(Data records begins)
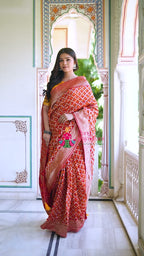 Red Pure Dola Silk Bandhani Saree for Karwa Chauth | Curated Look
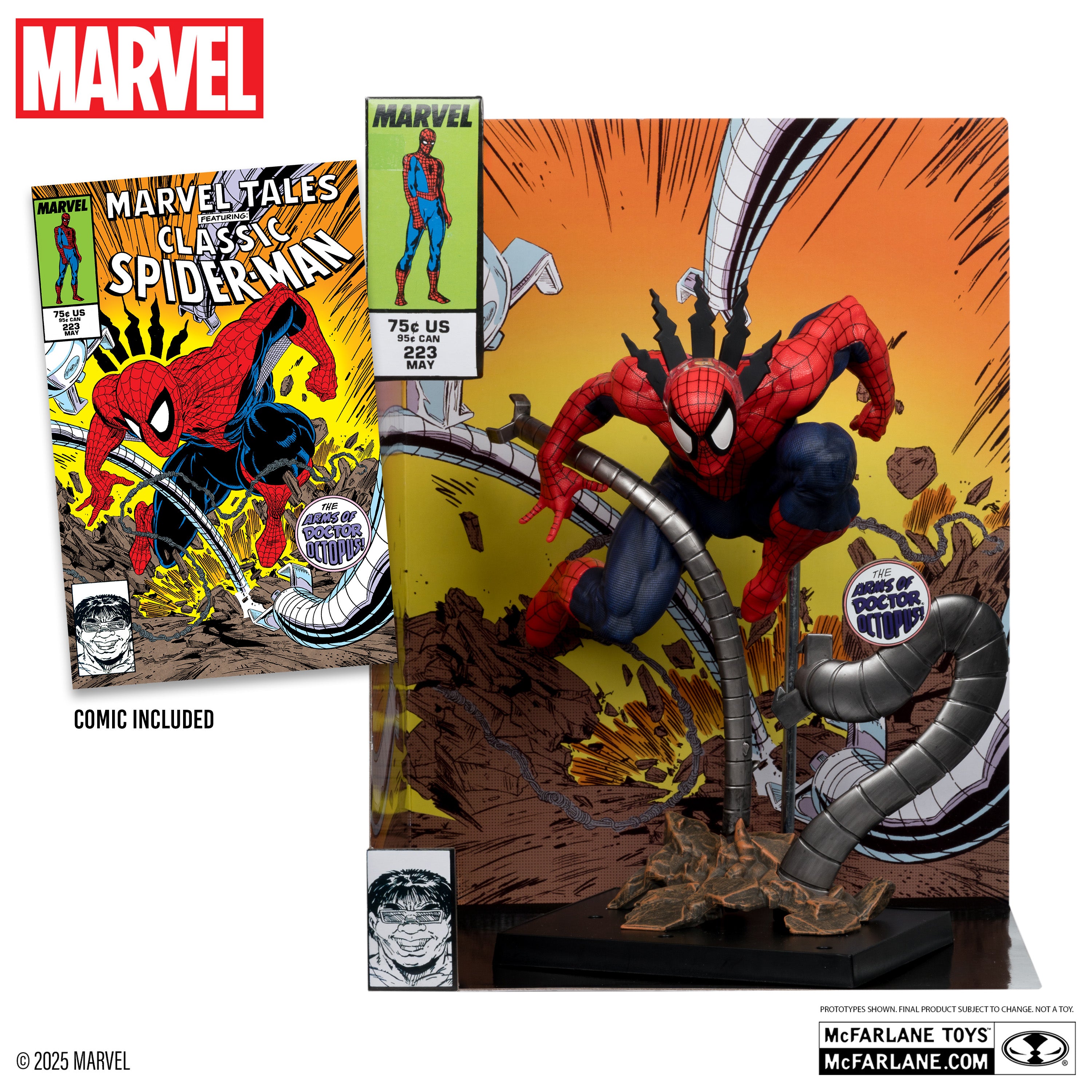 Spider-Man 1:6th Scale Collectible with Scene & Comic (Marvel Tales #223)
(Data records ends)
(Data records begins)
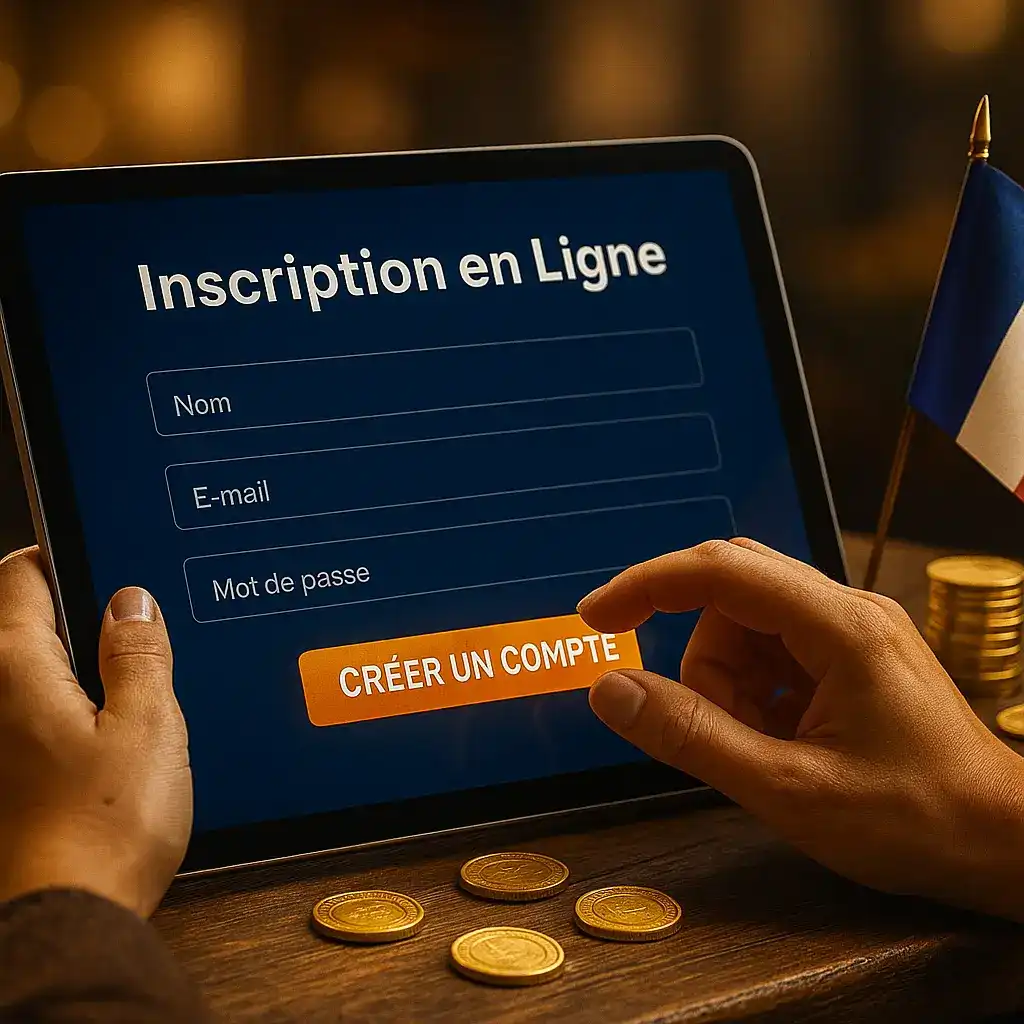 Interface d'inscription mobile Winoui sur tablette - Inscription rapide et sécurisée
(Data records ends)
(Data records begins)
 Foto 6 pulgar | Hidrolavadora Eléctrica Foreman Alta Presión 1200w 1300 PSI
(Data records ends)
• _Work required_
An exact copy of the lines above from the one with "Red Pure Dola" up to and including the one with "Spider-Man 1:6th Scale" is required; reproduce only those lines, omitting all pictures.

• _Result of the task_
 Red Pure Dola Silk Bandhani Saree for Karwa Chauth | Curated Look
 Spider-Man 1:6th Scale Collectible with Scene & Comic (Marvel Tales #223)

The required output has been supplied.